About this exercise. Reproduce word for word the lines of the listing from the first one through the one with "La UCLM y la", omitting every picture.

Supplied data.
--*--

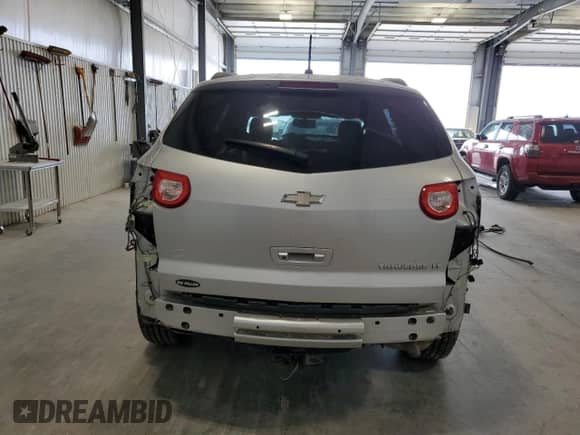 2011 Chevrolet Traverse 2LT z VIN 1GNKRJED2BJ410139, wystawiony jako Copart lot #85879085 z przebiegiem 183 266 mil mil oraz Szkoda całkowita • Salvage title. Historia ofert i sprzedaży dostępna na DreamBid. Obrazek 6.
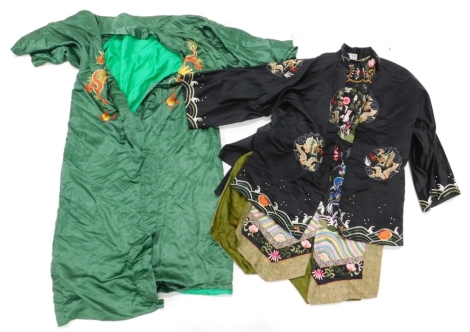 An oriental embroidered silk Kimono, etc.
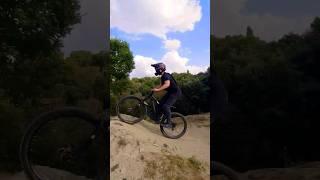 lui va IN SCIOLTEZZA SUI SALTI DELL' @insanebikepark4438 #fun #fyp #full #metal #jump #bike #mtb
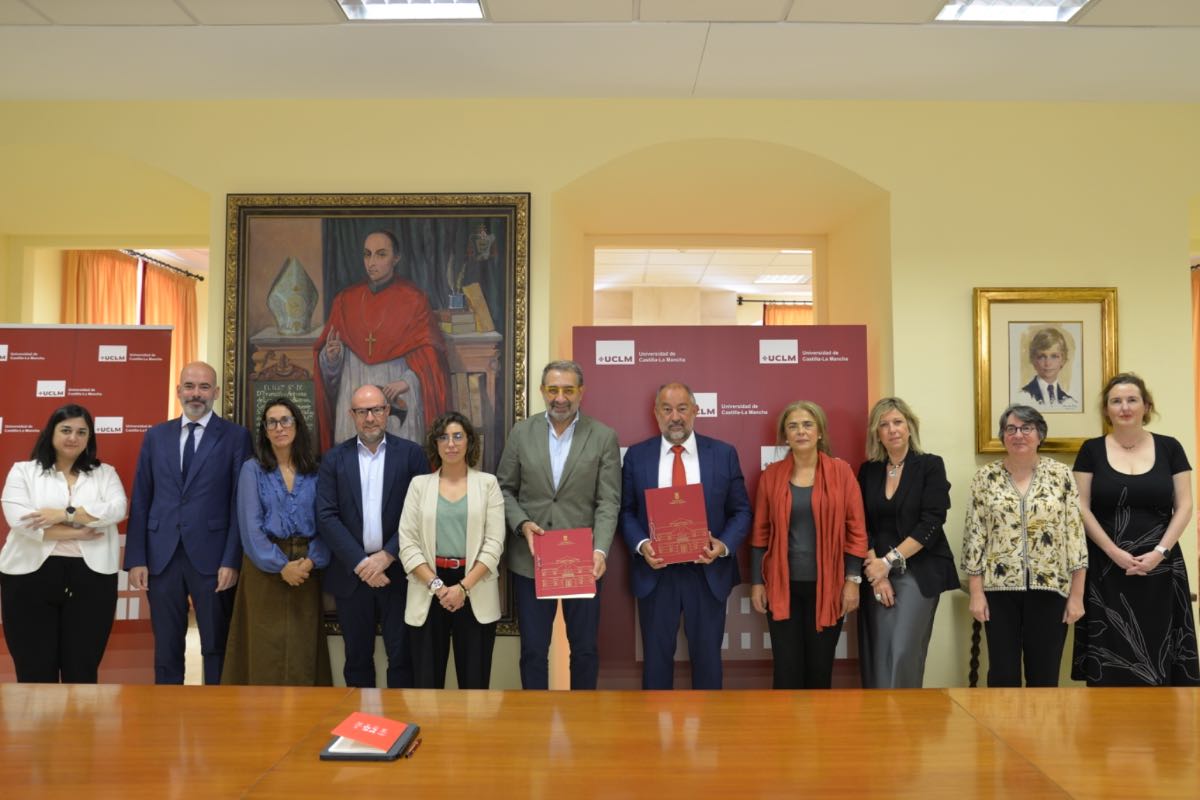 La UCLM y la Consejería de Sanidad refuerzan su alianza para mejorar la formación sanitaria en Castilla-La Mancha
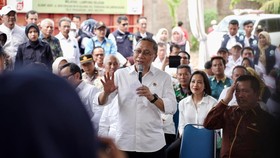 Menko Zulhas Bangga Kopdes Merah Putih Bumi Sari Lampung Beroperasi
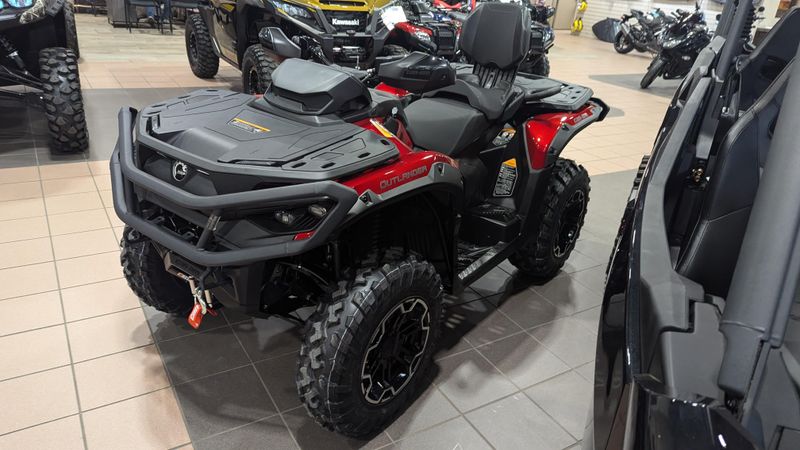 2025 Can-Am OUTLANDER MAX XT 850 FIERY RED Image 3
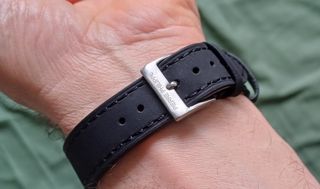 Reloj Pierre Philippe Cuerda Esfera Roja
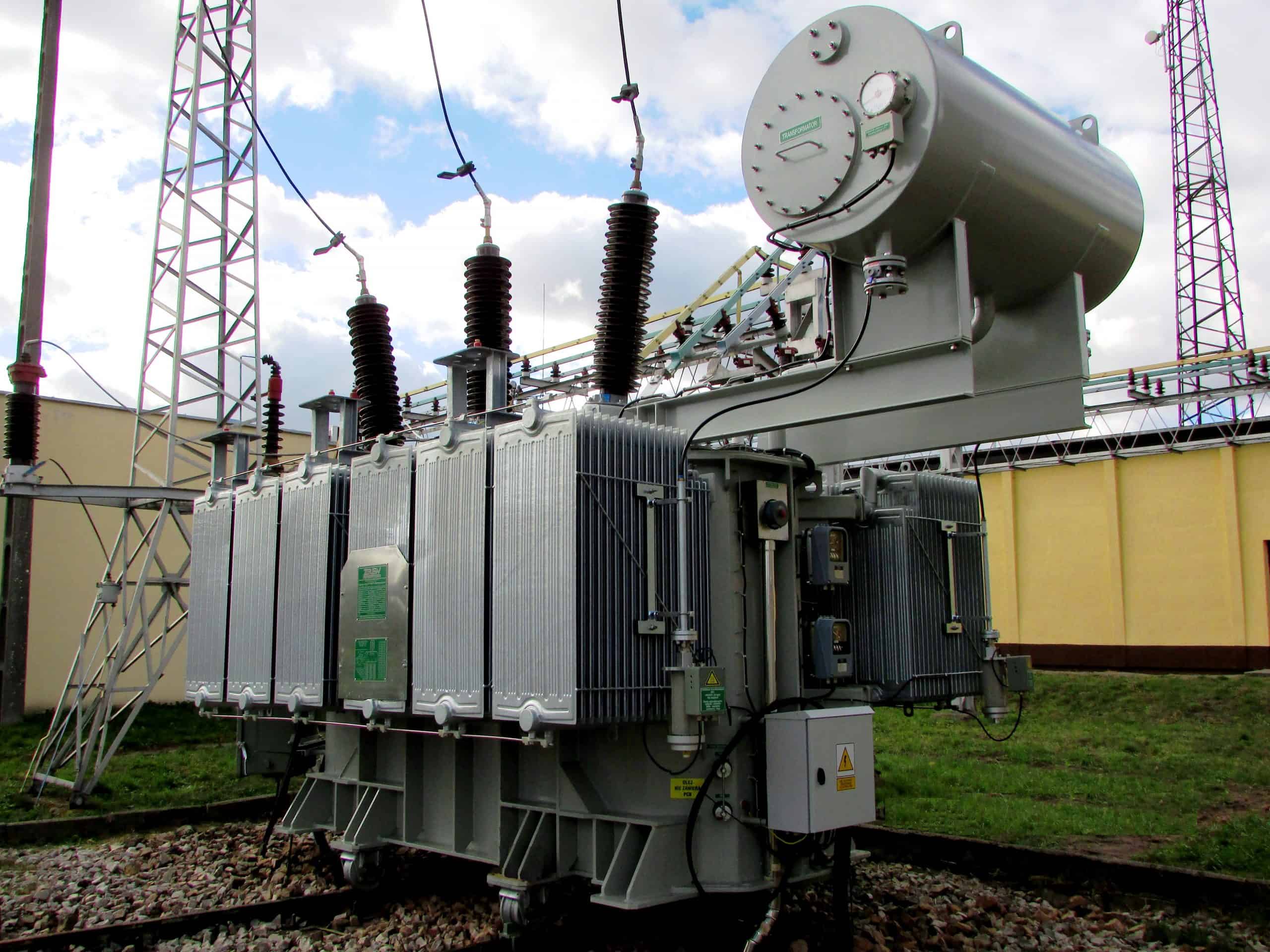 Special power transformer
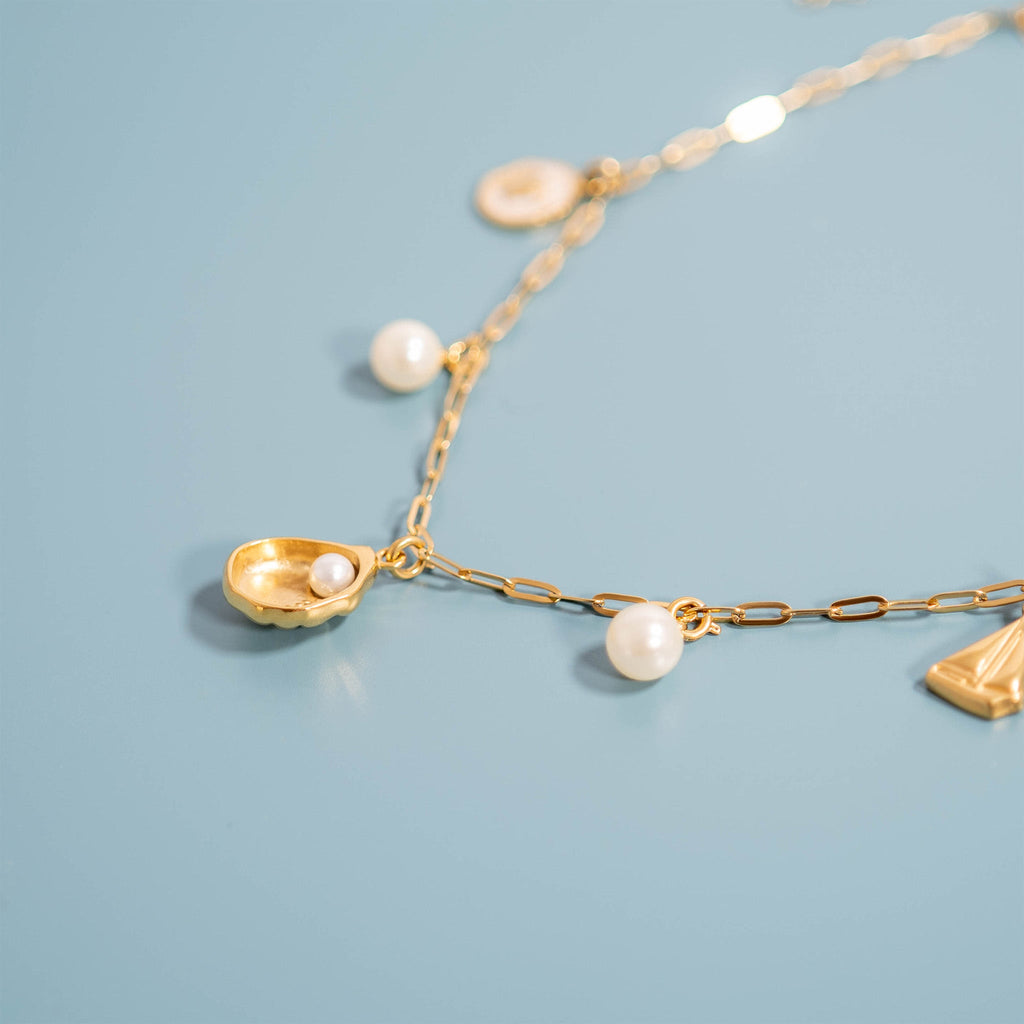 Glass Pearl Charms – Durable 8mm Hypoallergenic Jewelry With Gold Hoop Accent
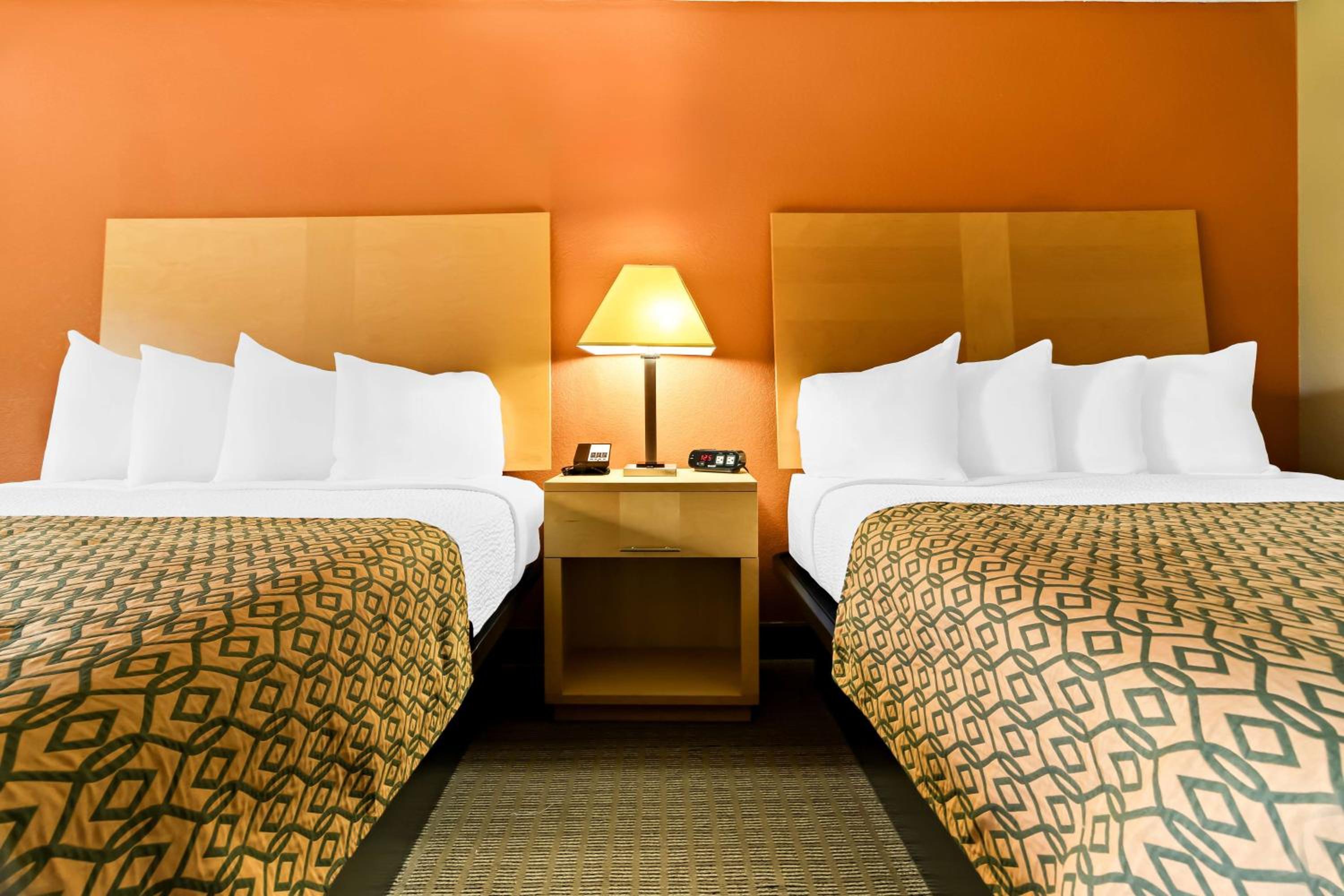 Queen Room with Two Queen Beds - Non-Smoking - Photo 1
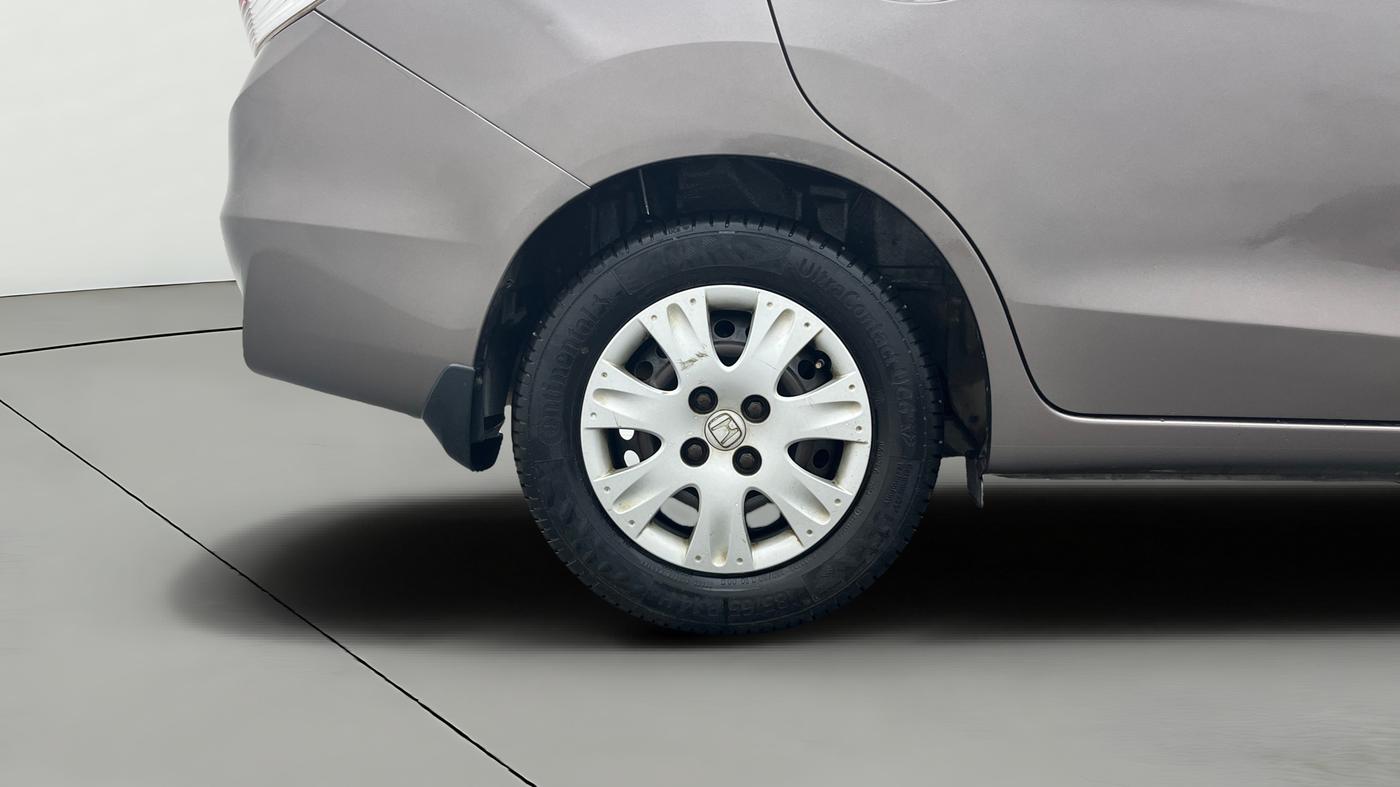 2013 Honda Amaze 1.2L I-VTEC S, Petrol, Manual, 1,00,826 km, Right Rear Wheel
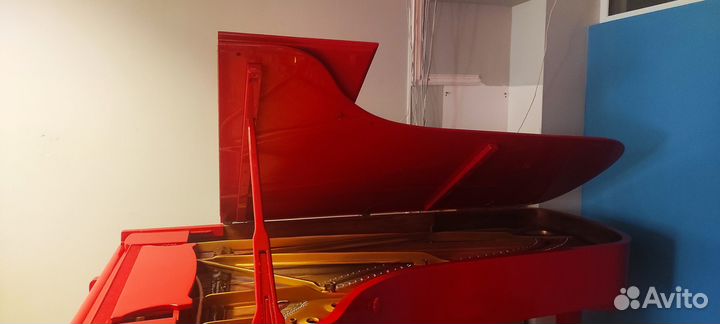 Рояль Москва красный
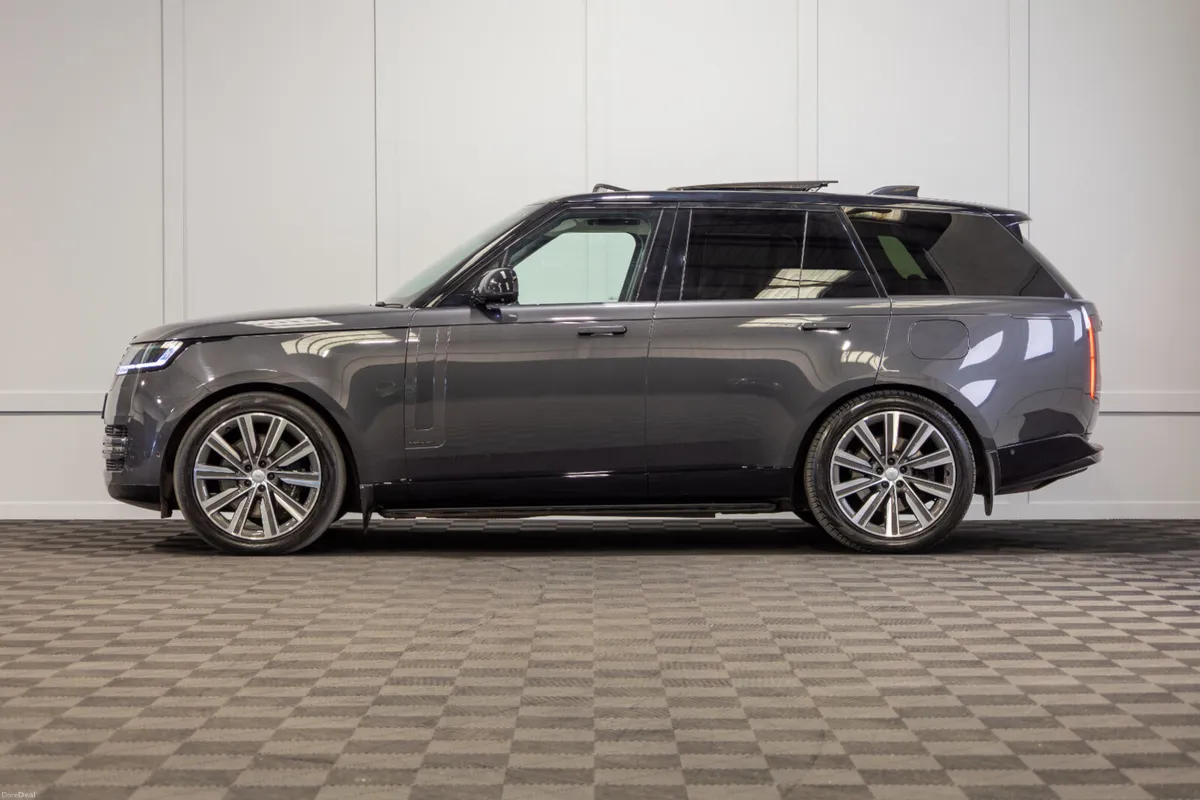 2024 Range Rover P460e Autobiography - Image 3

--*--

Expected answer.
 2011 Chevrolet Traverse 2LT z VIN 1GNKRJED2BJ410139, wystawiony jako Copart lot #85879085 z przebiegiem 183 266 mil mil oraz Szkoda całkowita • Salvage title. Historia ofert i sprzedaży dostępna na DreamBid. Obrazek 6.
 An oriental embroidered silk Kimono, etc.
 lui va IN SCIOLTEZZA SUI SALTI DELL' @insanebikepark4438 #fun #fyp #full #metal #jump #bike #mtb
 La UCLM y la Consejería de Sanidad refuerzan su alianza para mejorar la formación sanitaria en Castilla-La Mancha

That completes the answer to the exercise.